The use of exponentials serves to normalize $X$, and it also allows the function to be parameterized. In the above equation, I threw in a free parameter, $\theta$ ($\theta \geq 0$), that broadly controls determinism. Within the exponentiation, $\theta$ makes larger values of $X$ larger-er, so if you set $\theta$ to a large value, the softmax really squashes things: Elements of $X$ with anything but the largest values will have a probability very close to zero. When $\theta = 1$, it's as if the parameter was never there.

I use this sort of function all the time to simulate how people make decisions based on evidence. But unfortunately, there is no built in numpy function to compute the softmax. For years I have been writing code like this:

import numpy as np
X = np.array([1.1, 5.0, 2.8, 7.3])  # evidence for each choice
theta = 2.0                         # determinism parameter

ps = np.exp(X * theta)
ps /= np.sum(ps)

Of course, usually X and theta come from somewhere else.
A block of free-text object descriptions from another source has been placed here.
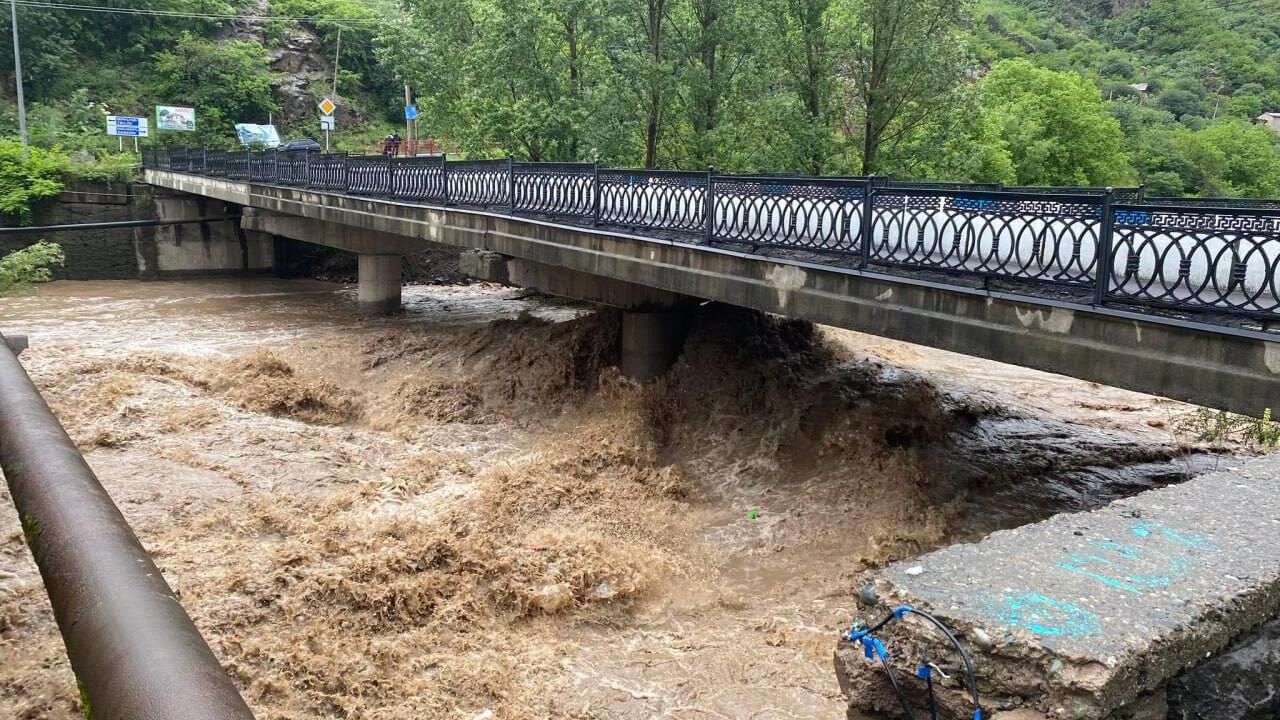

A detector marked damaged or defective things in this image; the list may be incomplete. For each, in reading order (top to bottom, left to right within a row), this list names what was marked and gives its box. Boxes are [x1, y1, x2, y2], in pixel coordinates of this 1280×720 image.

rusty pipe [0, 333, 257, 717]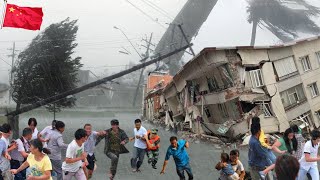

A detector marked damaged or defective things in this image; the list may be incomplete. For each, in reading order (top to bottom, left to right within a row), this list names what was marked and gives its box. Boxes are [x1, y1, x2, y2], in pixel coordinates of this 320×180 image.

damaged structure [143, 35, 320, 140]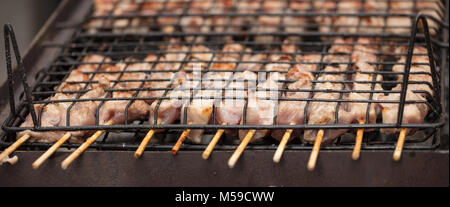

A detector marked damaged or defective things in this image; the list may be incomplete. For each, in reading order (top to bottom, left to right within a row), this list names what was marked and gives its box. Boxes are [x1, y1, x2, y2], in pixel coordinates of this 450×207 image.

rusty metal surface [0, 150, 448, 187]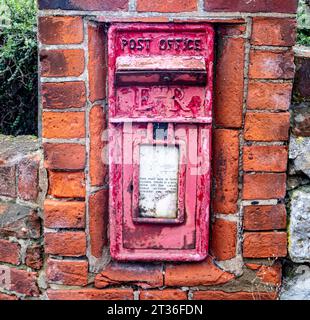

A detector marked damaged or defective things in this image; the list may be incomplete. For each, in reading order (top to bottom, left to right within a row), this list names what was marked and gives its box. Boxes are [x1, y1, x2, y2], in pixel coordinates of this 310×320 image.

rusted metal [108, 23, 214, 262]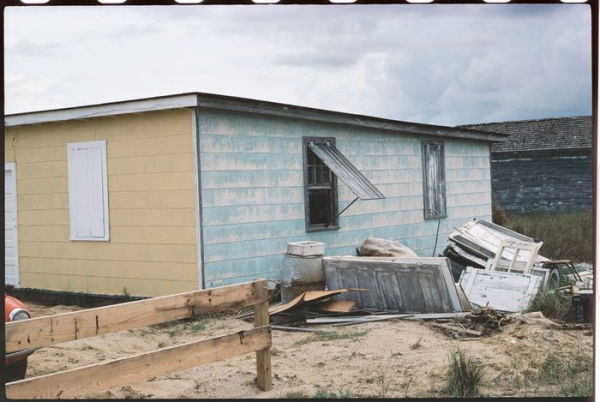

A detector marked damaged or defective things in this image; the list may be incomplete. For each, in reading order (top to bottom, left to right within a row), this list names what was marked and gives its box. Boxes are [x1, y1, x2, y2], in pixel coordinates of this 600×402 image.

broken wooden fence [4, 280, 272, 398]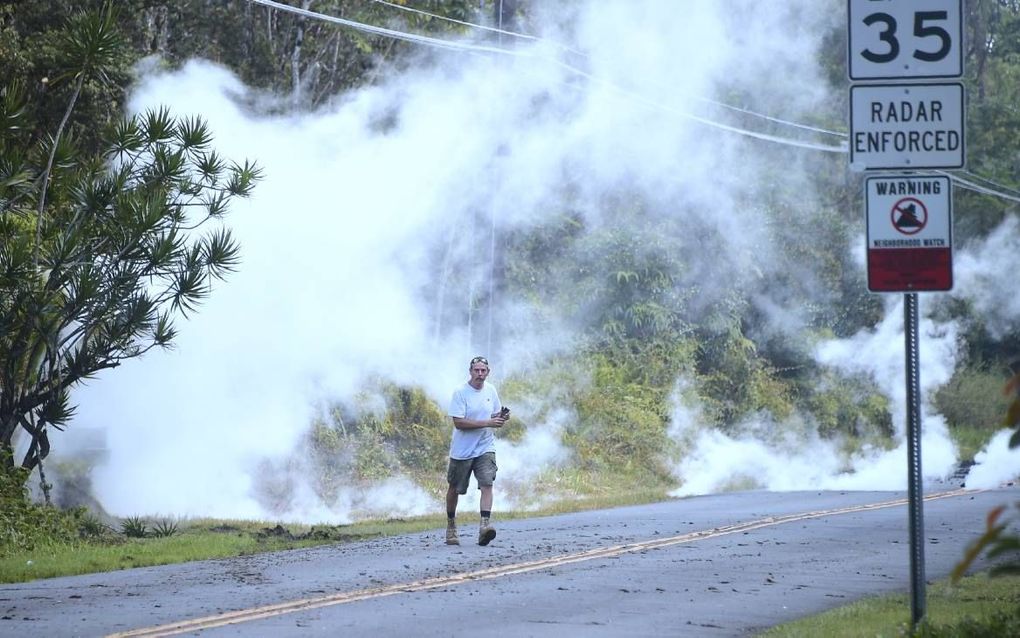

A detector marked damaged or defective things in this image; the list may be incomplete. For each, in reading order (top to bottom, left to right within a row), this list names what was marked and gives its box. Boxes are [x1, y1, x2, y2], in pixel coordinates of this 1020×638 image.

cracked asphalt road [0, 488, 1012, 636]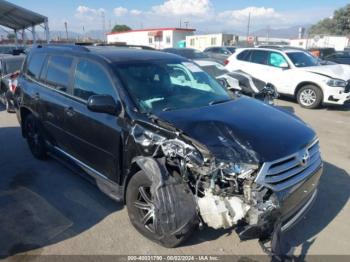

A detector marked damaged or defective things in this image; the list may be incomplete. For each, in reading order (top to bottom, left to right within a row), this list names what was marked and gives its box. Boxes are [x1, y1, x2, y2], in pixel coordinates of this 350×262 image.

crumpled hood [300, 64, 350, 80]
detached front bumper [322, 86, 350, 104]
crumpled hood [156, 97, 314, 164]
damaged front end [129, 122, 282, 245]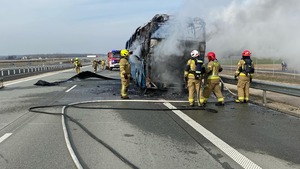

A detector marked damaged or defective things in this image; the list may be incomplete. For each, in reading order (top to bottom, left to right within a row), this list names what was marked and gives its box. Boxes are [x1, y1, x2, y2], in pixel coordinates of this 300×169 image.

burned bus [125, 13, 206, 90]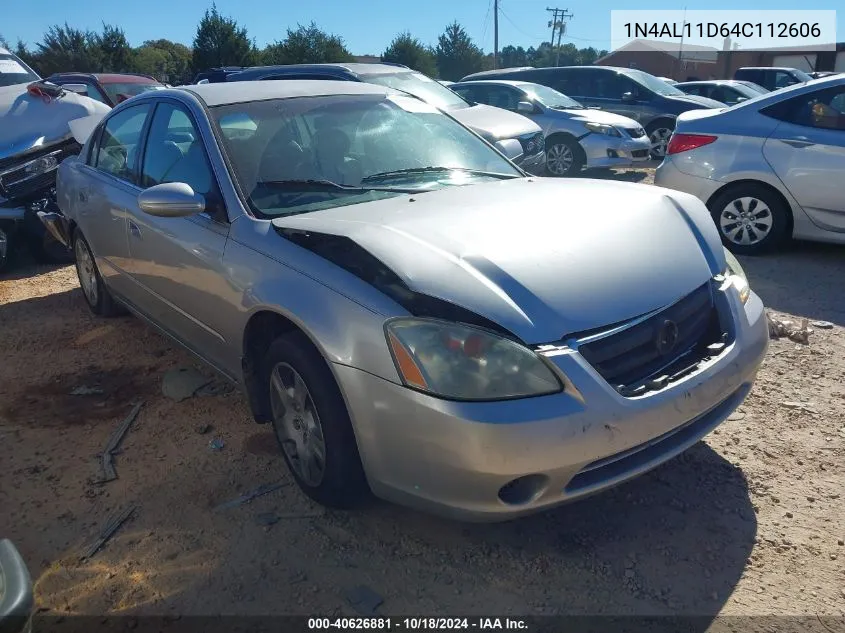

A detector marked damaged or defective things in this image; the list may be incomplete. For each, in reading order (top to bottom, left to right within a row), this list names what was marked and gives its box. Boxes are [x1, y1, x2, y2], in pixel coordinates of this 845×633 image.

wrecked white car [0, 46, 109, 270]
dented hood [0, 84, 110, 162]
damaged silver sedan [49, 81, 768, 520]
dented hood [272, 178, 724, 344]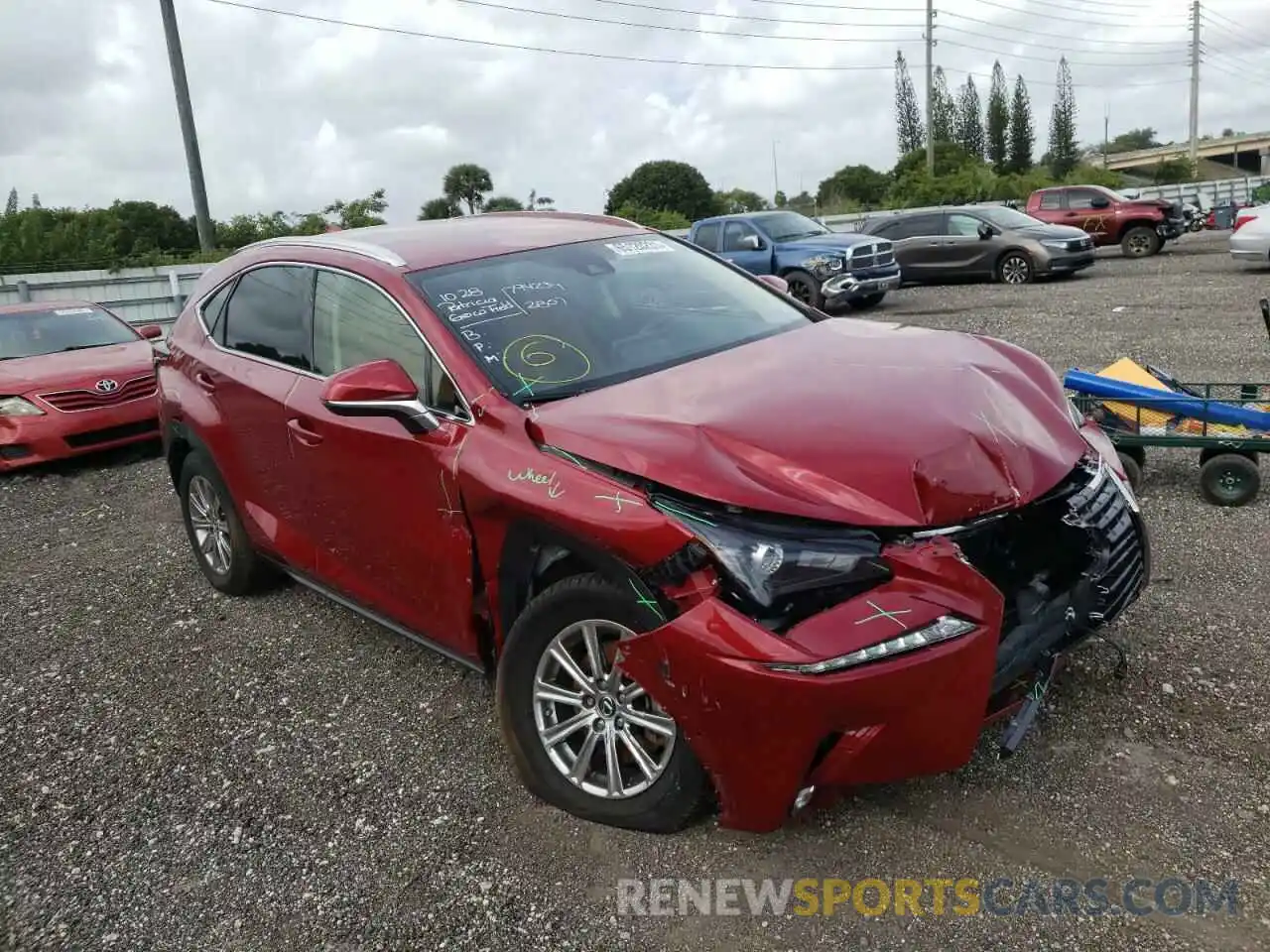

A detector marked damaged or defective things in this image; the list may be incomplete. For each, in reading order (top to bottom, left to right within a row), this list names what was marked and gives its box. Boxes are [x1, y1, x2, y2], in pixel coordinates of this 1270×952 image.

This works well if you are only simulating one decision: the softmax requires literally two lines of code and its easily readable. But things get thornier if you want to simulate many choices. For example, what if X is a matrix where rows correspond to the different choices, and the columns correspond to the options?

In the 2D case, you can either run a loop through the rows of X or use numpy matrix broadcasting. Here's the loop solution:

X = np.array([
    [1.1, 5.0, 2.2, 7.3],
    [6.5, 3.2, 8.8, 5.3],
    [2.7, 5.1, 9.6, 7.4],
    ])  

# looping through rows of X
ps = np.empty(X.shape)
for i in range(X.shape[0]):
    ps[i,:]  = np.exp(X[i,:] * theta)
    ps[i,:] /= np.sum(ps[i,:])

That's not terrible, but you can imagine that it's annoying to write one of those every time you need to softmax. Likewise, you'd have to change up the code if you wanted to softmax over columns rather than rows. Or for that matter, what if X was a 3D-array, and you wanted to compute softmax over the third dimension?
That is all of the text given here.